======== DATA TO PROCESS
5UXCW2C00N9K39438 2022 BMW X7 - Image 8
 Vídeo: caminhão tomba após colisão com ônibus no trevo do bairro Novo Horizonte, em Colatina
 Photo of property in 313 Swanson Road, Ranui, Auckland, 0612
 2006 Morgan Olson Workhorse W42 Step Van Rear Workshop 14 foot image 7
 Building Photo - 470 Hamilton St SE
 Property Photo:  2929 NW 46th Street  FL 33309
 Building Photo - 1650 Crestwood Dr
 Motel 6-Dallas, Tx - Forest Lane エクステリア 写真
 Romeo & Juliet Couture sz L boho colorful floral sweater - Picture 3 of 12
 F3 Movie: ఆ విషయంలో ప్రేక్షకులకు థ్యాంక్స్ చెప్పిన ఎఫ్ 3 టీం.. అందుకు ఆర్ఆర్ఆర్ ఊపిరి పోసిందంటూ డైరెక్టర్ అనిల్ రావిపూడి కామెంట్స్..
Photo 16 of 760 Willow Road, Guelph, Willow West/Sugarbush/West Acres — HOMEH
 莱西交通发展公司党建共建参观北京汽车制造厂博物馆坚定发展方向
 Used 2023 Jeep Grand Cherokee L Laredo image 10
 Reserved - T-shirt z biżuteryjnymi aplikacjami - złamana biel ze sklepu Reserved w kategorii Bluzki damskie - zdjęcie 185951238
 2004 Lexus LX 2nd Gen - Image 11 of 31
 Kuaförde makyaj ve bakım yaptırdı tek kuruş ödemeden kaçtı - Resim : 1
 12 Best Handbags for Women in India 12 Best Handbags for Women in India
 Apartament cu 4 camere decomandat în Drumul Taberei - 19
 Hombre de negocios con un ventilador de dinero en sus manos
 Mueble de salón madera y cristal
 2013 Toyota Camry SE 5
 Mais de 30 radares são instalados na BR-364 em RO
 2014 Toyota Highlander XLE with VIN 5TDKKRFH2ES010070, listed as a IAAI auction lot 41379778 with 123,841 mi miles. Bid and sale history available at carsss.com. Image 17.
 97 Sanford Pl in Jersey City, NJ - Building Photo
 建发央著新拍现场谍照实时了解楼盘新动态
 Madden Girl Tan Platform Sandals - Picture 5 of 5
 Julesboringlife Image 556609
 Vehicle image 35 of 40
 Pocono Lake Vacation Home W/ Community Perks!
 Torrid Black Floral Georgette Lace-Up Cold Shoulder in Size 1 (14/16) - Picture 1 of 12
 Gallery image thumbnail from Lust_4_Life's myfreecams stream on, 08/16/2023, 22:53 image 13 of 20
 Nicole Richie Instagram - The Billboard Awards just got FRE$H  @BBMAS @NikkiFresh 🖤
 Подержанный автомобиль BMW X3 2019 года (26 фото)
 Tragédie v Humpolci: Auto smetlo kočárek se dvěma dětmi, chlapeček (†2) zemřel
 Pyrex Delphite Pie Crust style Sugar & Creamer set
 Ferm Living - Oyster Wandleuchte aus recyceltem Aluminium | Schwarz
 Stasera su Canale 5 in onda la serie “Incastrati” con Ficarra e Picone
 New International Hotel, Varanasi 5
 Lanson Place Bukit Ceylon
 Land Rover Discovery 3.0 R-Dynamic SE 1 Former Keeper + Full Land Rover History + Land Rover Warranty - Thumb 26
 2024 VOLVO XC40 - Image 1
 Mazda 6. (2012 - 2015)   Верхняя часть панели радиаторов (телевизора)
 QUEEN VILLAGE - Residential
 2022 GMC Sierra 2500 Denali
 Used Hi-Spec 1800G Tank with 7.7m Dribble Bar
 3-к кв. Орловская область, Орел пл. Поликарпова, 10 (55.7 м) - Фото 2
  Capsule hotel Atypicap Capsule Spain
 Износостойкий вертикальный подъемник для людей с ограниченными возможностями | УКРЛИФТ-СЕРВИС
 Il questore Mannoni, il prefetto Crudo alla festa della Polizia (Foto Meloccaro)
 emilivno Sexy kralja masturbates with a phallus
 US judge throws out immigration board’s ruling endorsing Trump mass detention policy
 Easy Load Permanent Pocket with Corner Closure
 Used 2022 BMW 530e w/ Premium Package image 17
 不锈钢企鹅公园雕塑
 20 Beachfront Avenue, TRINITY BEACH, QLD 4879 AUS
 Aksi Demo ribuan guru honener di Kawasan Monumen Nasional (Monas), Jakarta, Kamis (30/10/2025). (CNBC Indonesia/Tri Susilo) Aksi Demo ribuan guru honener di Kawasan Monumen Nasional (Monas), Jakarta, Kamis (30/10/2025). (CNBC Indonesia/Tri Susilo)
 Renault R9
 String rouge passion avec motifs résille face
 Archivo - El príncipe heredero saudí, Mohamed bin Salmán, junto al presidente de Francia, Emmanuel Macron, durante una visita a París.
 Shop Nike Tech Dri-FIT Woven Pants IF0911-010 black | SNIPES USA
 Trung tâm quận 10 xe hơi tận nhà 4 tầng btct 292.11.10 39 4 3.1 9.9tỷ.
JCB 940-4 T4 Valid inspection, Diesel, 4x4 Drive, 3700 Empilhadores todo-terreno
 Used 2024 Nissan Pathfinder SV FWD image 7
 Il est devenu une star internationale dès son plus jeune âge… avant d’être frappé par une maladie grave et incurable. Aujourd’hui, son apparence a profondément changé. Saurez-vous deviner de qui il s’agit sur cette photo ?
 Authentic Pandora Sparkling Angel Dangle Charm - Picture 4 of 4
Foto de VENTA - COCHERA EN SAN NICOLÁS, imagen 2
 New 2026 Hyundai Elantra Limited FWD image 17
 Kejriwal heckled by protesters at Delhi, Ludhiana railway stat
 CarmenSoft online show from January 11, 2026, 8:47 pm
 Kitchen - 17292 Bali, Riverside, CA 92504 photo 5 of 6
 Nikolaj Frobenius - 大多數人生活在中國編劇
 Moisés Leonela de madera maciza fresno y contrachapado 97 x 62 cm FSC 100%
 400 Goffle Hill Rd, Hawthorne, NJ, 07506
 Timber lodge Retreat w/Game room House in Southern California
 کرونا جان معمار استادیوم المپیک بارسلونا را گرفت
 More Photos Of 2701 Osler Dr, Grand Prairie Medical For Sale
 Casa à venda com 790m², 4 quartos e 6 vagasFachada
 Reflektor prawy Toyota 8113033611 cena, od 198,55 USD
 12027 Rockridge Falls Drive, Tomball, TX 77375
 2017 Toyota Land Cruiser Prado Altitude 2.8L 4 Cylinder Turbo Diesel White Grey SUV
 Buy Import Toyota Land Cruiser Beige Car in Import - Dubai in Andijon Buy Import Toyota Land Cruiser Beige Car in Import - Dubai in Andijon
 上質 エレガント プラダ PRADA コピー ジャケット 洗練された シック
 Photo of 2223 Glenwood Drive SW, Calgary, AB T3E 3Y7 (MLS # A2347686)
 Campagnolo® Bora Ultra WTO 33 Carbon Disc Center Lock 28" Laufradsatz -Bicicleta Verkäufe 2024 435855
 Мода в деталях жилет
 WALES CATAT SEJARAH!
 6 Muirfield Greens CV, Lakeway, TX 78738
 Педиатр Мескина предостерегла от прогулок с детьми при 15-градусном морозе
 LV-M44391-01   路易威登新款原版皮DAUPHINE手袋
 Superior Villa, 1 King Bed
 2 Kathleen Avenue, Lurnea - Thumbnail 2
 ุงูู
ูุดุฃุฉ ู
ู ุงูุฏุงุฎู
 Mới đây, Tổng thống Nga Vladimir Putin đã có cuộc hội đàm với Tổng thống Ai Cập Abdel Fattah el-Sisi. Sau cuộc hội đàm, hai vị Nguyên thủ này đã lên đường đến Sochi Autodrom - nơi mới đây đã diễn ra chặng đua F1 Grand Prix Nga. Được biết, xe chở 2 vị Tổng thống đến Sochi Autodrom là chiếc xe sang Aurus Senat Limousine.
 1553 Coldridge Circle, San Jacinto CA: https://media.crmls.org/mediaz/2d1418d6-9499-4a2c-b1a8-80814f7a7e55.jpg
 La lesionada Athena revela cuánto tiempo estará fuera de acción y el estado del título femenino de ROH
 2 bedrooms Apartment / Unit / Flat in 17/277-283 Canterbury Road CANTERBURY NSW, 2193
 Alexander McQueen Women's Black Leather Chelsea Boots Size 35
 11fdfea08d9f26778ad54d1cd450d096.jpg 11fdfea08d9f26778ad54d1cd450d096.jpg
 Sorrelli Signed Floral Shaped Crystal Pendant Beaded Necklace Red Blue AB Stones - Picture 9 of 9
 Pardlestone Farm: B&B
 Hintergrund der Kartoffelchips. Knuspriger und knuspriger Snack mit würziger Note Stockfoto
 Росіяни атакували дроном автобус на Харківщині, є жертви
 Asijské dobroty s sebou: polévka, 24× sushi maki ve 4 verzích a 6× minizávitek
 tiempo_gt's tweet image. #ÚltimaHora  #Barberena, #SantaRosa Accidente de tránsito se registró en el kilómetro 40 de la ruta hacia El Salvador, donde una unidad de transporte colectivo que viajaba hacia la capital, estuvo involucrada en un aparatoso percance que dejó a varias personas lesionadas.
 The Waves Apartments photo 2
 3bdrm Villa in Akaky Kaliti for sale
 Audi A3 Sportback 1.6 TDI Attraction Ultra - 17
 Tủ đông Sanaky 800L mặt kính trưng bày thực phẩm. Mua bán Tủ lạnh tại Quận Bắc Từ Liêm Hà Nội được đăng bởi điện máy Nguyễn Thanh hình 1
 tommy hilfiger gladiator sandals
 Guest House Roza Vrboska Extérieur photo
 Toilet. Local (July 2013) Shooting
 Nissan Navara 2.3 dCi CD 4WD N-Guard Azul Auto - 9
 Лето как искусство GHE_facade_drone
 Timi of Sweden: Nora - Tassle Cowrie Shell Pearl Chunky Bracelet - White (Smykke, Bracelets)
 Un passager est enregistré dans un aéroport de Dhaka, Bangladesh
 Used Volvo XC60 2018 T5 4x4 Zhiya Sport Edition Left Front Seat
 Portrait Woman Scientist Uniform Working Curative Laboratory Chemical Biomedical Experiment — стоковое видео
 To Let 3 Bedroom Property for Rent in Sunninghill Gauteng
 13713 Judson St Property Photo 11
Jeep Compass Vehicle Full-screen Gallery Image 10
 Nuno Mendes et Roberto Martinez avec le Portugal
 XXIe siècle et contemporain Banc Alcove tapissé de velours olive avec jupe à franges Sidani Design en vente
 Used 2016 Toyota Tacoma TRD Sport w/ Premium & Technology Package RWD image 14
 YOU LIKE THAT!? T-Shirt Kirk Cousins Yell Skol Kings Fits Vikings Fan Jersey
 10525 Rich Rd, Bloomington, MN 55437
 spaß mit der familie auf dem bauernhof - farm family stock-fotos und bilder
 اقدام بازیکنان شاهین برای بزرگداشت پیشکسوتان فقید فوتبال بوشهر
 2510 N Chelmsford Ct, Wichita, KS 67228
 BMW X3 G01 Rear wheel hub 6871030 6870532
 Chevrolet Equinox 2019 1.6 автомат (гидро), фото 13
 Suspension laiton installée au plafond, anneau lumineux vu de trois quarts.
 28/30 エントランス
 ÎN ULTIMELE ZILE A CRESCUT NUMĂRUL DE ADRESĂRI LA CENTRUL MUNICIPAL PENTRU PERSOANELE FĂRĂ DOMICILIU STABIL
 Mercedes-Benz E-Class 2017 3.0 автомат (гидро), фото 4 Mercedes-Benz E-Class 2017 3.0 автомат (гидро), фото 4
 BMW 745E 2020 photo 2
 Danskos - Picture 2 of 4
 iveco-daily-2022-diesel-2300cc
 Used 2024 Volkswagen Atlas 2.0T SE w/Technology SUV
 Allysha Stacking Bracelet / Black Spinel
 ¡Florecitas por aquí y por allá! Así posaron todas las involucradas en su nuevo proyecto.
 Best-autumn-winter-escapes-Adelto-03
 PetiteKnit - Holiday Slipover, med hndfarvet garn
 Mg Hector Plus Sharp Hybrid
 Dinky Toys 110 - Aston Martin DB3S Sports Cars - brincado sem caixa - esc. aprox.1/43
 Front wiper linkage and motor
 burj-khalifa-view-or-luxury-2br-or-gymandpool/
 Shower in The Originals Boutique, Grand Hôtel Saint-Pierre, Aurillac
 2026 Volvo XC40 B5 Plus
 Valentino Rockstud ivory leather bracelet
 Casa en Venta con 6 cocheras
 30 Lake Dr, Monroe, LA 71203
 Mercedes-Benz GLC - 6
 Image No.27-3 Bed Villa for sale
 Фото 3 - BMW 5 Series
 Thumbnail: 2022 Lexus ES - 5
================
**WHAT TO DO**
Among the lines of the records above, count those containing the word "Drive", then give the number by itself.

**SOLUTION TO THIS TASK**
3